Apesar da maratona, ambos afirmam que ficaram com o sentimento de dever cumprido. “Ele ia acabar morrendo no meio da rua se ninguém tomasse a atitude de levá-lo para o hospital. Fiquei com o sentimento de alívio e a sensação de que nem tudo está perdido”, afirmou Passos que só conseguiu chegar em casa por volta das 20h.
A reportagem acompanhou, por telefone, a peregrinação em busca de atendimento do morador de rua.
O procedimento - A Assessoria de Comunicação da Secretaria de Saúde da Bahia (Sesab) informou que o procedimento realizado pelo Samu foi o correto. De acordo com o órgão, é preciso que o atendido passe pelo sistema de regulação ainda dentro da ambulância do Samu porque caso haja um leito disponível mais rapidamente em outro hospital, o deslocamento do paciente é favorecido.
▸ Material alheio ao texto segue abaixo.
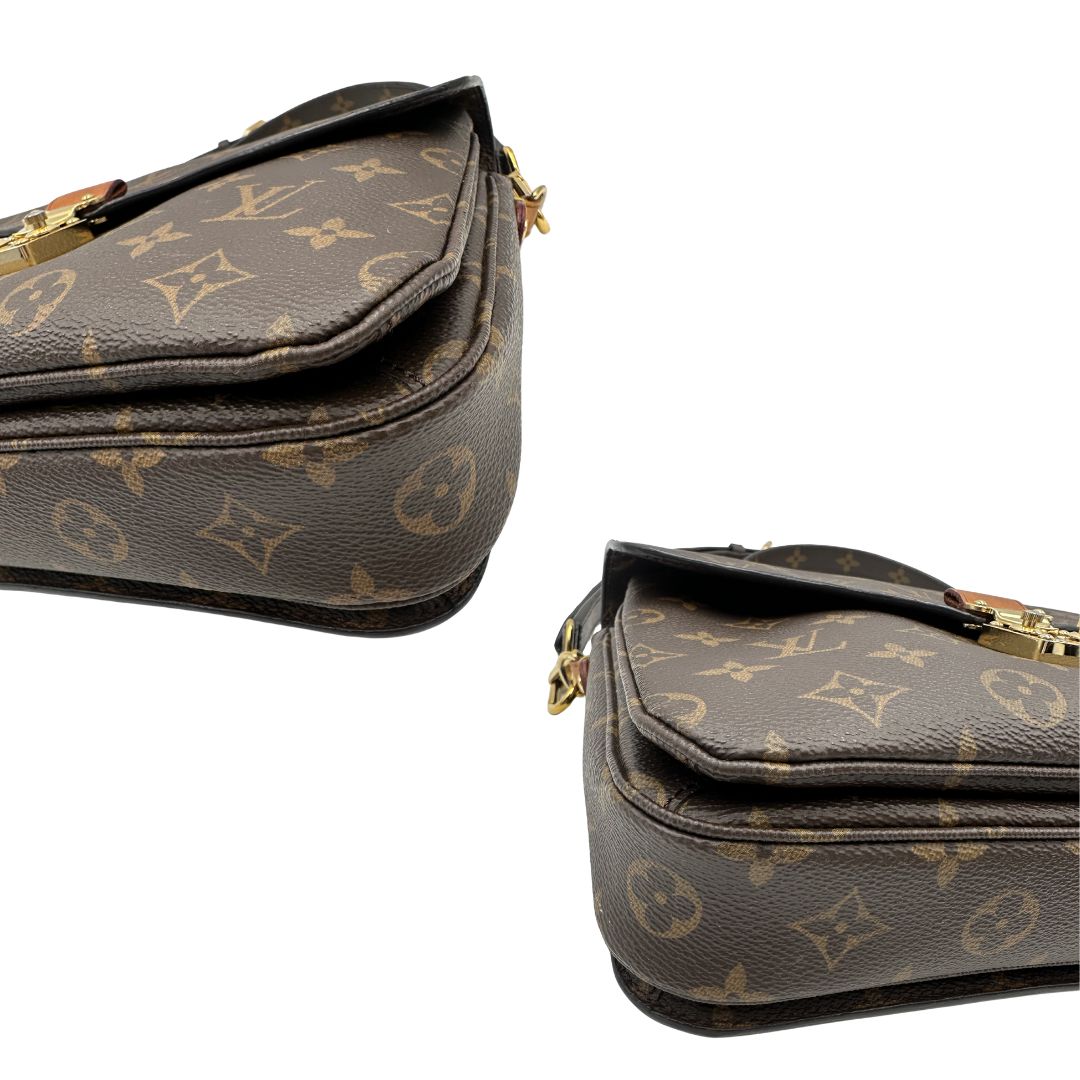 angoli  Borsa LV in canvas monogrammato marrone e hardware dorato, indossabile a tracolla o a mano, di lusso, originale, ottime condizioni, usata, originale. 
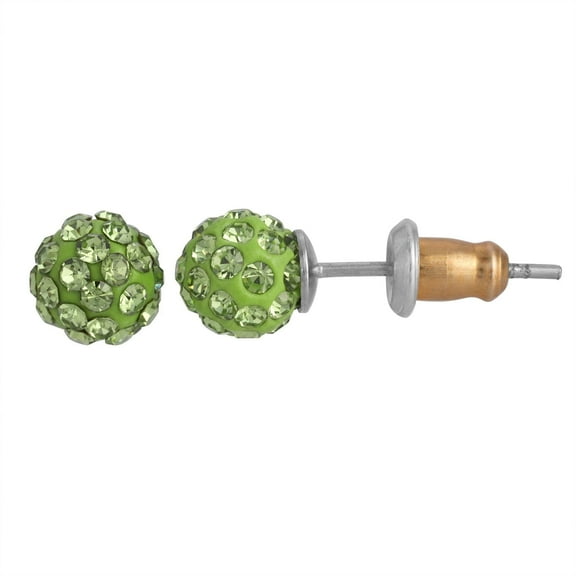 1928 Jewelry Round Petite 6mm Peridot Green Crystal Pave Stud Earrings
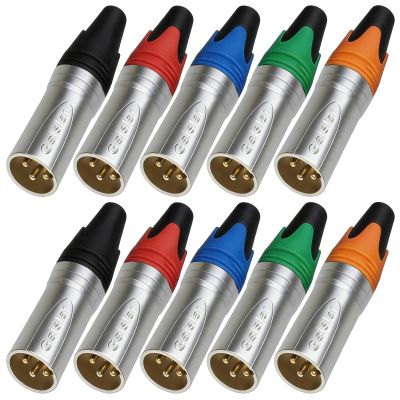 RIVIERA Geisler XLR 3 Pin Male XLR 3 Pin Female Plug Gold-Plated Copper Contacts Fine Silver Nickel Metal Housing with Muficolored Rubber Ring (Silver-housing Colorful-Mark Male) 10 Pack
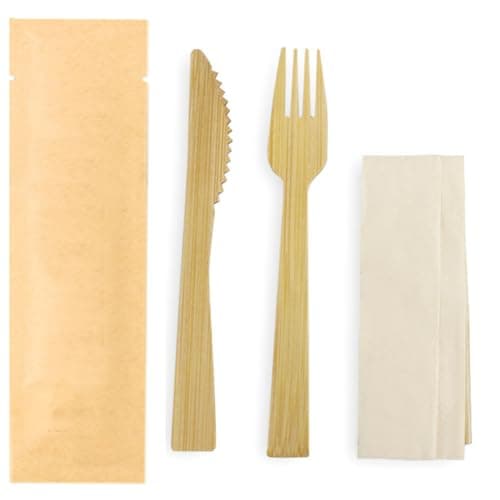 10Pack Luxury Individually Wrapped Disposable Cutlery Set; Each Includes Dinner Knives Forks Tissue; Eco-Friendly Wooden Guest Disposable Utensils for Party, Camping, Traveling, Family Dinners — view 6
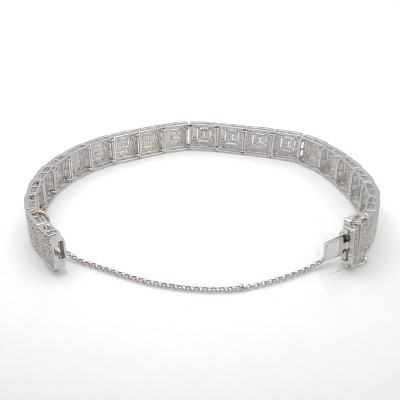 Art Deco Style Pave Diamond Link Gold Bracelet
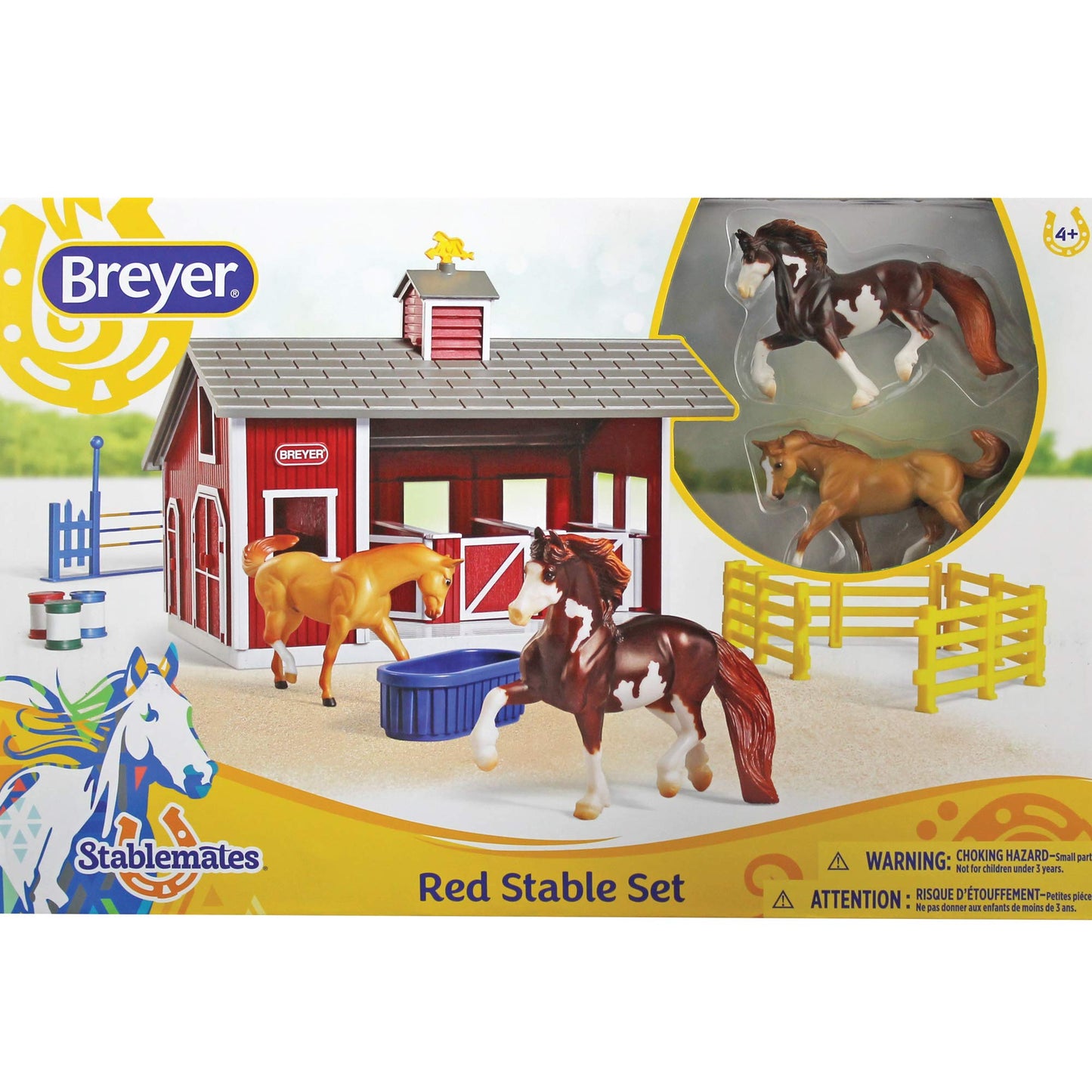 Breyer Stablemates Red Stable Set: 2 Hand-Painted Horses & 3-Stall Barn
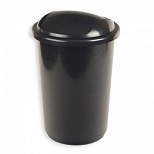 Контейнер для мусора 12л Uniplast КХВ01, пластик черный (металлик), крышка-вертушка, 360х255мм, 6шт.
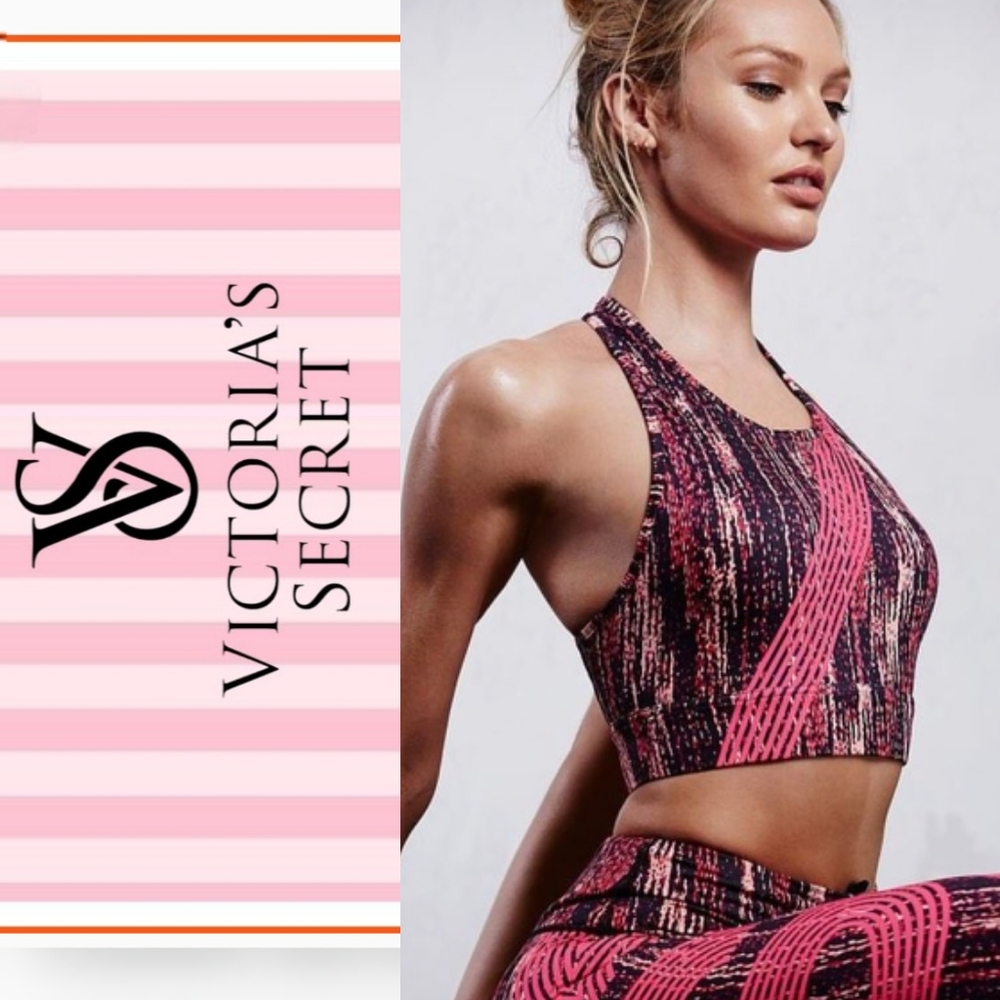 ❤️2/$18 Victoria’s Secret VSX Sport Bra Racerback Pink/Black Print M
O órgão reconheceu que os hospitais públicos sob a responsabilidade do estado estão lotados e que todos estão orientados a receber pacientes, independente da maneira que cheguem à unidade. Contudo, os hospitais precisam respeitar critérios de avaliação de atendimento de urgência, que é realizado pelos médicos. Como o Samu é considerado um atendimento pré-hospitalar, é preferível manter o enfermo na ambulância do que dentro da unidade sem o devido atendimento, informou a Sesab.
A assessoria afirmou, ainda, que antes de receber o paciente, a unidade precisa ter um leito apropriado para o caso dele. No caso do paciente com tuberculose, por ser uma doença infecto-contagiosa, foi preciso disponibilizar um leito em isolamento, uma vez que ele não poderia ficar na enfermaria dividindo espaço com outras pessoas.
Quanto ao não recebimento do paciente no Hospital Octávio Mangabeira, a assessoria de imprensa informou que essa unidade não atende casos de emergência.